基于上转换和光子晶体效应的BiVO4膜的制备及太阳光催化性能

Semiconductor photocatalysis is an effective technique to eliminate waterborne pollutants with ecological risk. It is also one of the most promising technologies for pollution control with practical application value. However, its narrow responsive light spectrum and low photocatalytic efficiency limit its utilization at a large scale. In the project, we propose to construct a TiO2 photonic crystal(PC)-carbon quantum dots(CQDs)/BiVO4 bilayer film with upconversion and PC effects as the photocatalyst. Because of its relatively wide responsive light spectrum and pronounced light absorption ability, high efficiency to separate the photogenerated charge and rapid surface reaction, the bilayer film is believed to have significantly improved efficiency of solar energy utilization and photocatalytic degration of pollutants. In this study, the fabrication and characterization of TiO2PC-CQDs/BiVO4 bilayer film will be first conducted. Its performance and mechanisms in photocatalytic degradation of representative waterborne pollutants and microbes in contaminated water will be further investigated. These efforts will shed light on the effects of the wavelength of band gap of PC and the loading quantity of CQDs on its light absorption ability, charge separation performance and adsorption ability. With this information, the key factors that affect the photocatalytic performance of the bilayer film will be discovered and the mechanisms of photocatalytic degradation of representative waterborne pollutants and microbes will be clarified. The outcomes of this project will greatly contribute to the practical application of photocatalysis technique in water treatment and to the relevant scientific fields.

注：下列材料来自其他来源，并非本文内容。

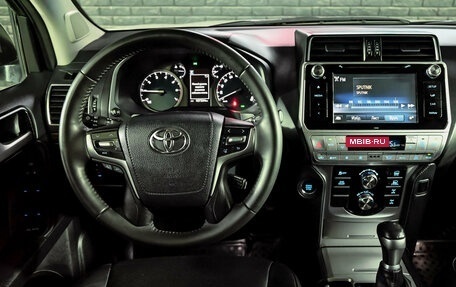 Toyota Land Cruiser Prado 150 рестайлинг 2, 2019 год, 5 700 000 рублей, 12 фотография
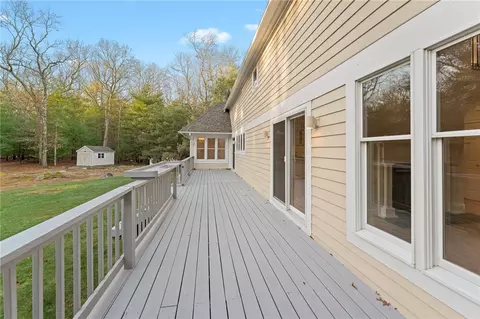 11 Windrose Cir, Exeter, RI 02822 photo 6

半导体光催化技术是具有生态风险性污染物的有效净化技术，也是最有应用前景的污染控制新技术之一，如何拓展响应光谱和提高光催化效率是其面临的亟待解决的关键科学问题。本研究拟首次构建基于上转换和光子晶体(PC)效应的TiO2PC-碳量子点(CQDs)/BiVO4双层光催化剂，材料特有的宽响应光谱和较强的光吸收性能、较高的光生电荷分离效率和较快的表面反应速率必将大大提高其太阳能利用效率以及污染物分解能力。本项目首先研究TiO2PC-CQDs/BiVO4双层光催化剂的制备与表征，进而考察其对水中典型污染物及细菌的光催化净化性能，并探索其净化机理，以期阐明PC禁带位置以及CQDs担载量调控，对材料的光吸收性能、电荷分离效率以及吸附性能，进而对其光催化性能的影响机制，初步探明光催化净化水中污染物及细菌的规律特点及反应机理。研究成果将为推进半导体光催化技术向水处理实用化发展做出贡献，并具有重要的科学意义。

针对当前光催化技术研究中常见催化剂响应光谱窄和光生电子和空穴分离效率低的问题，以提高可见光催化剂的光催化效率为目的，设计并制备了具有上转换效应的碳量子点(CQDs)，并将其与BiVO4量子管(m-BiVO4)以及NH2-MIL-125复合，拓展了光催化剂的响应光谱至近红外区域，同时，CQDs具有的优异的光生电荷传递能力，促进了光生电荷的分离效率，进而提高了光催化剂光催化降解有机污染物的性能；通过调控CQDs表面官能团的种类和数量，改变其上转换发光光谱波长及强度，改变上转换发光光谱与BiVO4吸收光谱的匹配度，调控CQDs/BiVO4复合光催化剂的光吸收效率，调控复合催化剂的光催化性能；构建基于上转换和光子晶体(PC)效应的TiO2PC-碳量子点(CQDs)/BiVO4双层光催化剂，材料特有的宽响应光谱和较强的光吸收性能、较高的光生电荷分离效率大大提高了其太阳能利用效率以及污染物分解能力。将构建的高效光催化剂用于水中典型污染物的分解，获得了上转换以及光子晶体效应的应用与催化剂光催化性能提高之间的构效关系，以及光催化污染物降解机理。研究成果将为推动光催化技术向水处理实用化发展做出贡献，并具有重要的科学意义。